Cela étant dit, il faut reconnaître la grande qualité du travail qui a été fait à travers le dépouillement et l’analyse d’une abondante documentation constituée d’essais, d’articles de revues et d’interventions dans les journaux. Le corpus de Karim Larose est représentatif de l’époque et proportionné à ses objectifs. Après vérification dans les archives du Trésor de la langue française au Québec, les premières attestations de l’auteur concernant les appellations français québécois (et québécois), franglais, langue québécoise demeurent des repères sûrs. L’ouvrage étant d’excellente tenue et destiné à devenir un texte de référence, on comprendra que j’en fasse ici un examen critique dans le but d’alimenter le dialogue, que recherche l’auteur, entre littéraires et linguistes.

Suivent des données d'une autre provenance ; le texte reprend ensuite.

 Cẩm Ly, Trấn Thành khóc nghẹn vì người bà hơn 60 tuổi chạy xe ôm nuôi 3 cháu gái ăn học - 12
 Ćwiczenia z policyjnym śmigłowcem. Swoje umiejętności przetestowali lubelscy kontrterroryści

J’adopte une grille de lecture fondée sur l’opposition statut / corpus couramment utilisée par les sociolinguistes. Statut fait référence à la dimension publique de la langue (caractère d’officialité, fonctions effectives de la langue dans la société, droits linguistiques), alors que corpus renvoie aux productions (orales et écrites) et à la compétence des locuteurs. L’auteur mentionne ces concepts, mais il a préféré retenir comme fil conducteur un cadre théorique devant lui servir à rattacher les énoncés soit à l’expressivisme (la langue est perçue comme un prolongement du sujet plutôt qu’une façon de désigner le monde extérieur), soit à l’instrumentalisme (la langue est un outil qu’on doit contrôler et adapter aux besoins). Cette approche convenait mal, il me semble, à l’analyse d’échantillons de discours de portée différente, la plupart rédigés dans le feu de l’action et qui peuvent parfois même apparaître contradictoires chez un même individu.

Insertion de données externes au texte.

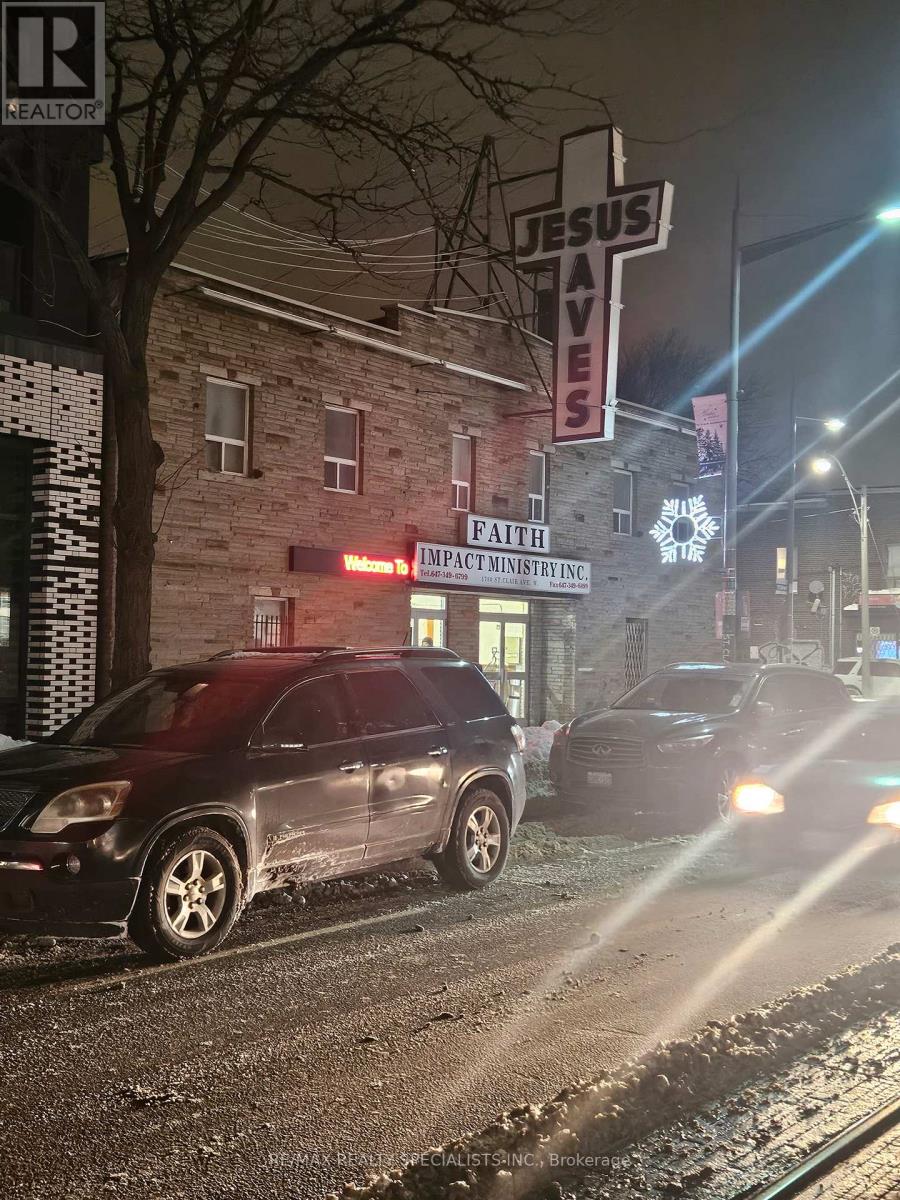 1780 St. Clair Avenue, Toronto, Ontario  M6N 1J5 - Photo 2 - W12734066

On peut structurer comme suit le texte de Larose : genèse et affirmation de la notion d’État unilingue français, de 1957 à 1963 (premier chapitre : statut), rapports entre langue et littérature (deuxième chapitre : corpus), crise de Saint-Léonard et querelle du joual (troisième chapitre : statut et corpus). Le chapitre 4, consacré à Gaston Miron et à Jacques Brault (plus de 75 pages), constitue une pièce à part, s’inscrivant mal dans l’économie de l’étude. Ce n’est pas que l’apport de ces deux écrivains ne mérite pas d’être souligné, mais le fait est que ce chapitre, baignant dans la critique littéraire, rompt avec la démarche efficace des précédents. Larose ayant lui-même déploré qu’on donne trop souvent la parole aux mêmes auteurs (p. 9), il ne nous en voudra pas de lui faire remarquer que son admiration pour ces poètes bien connus n’est pas passée inaperçue. Il aurait été plus utile de situer leur contribution dans la dynamique des échanges, dans les chapitres précédents.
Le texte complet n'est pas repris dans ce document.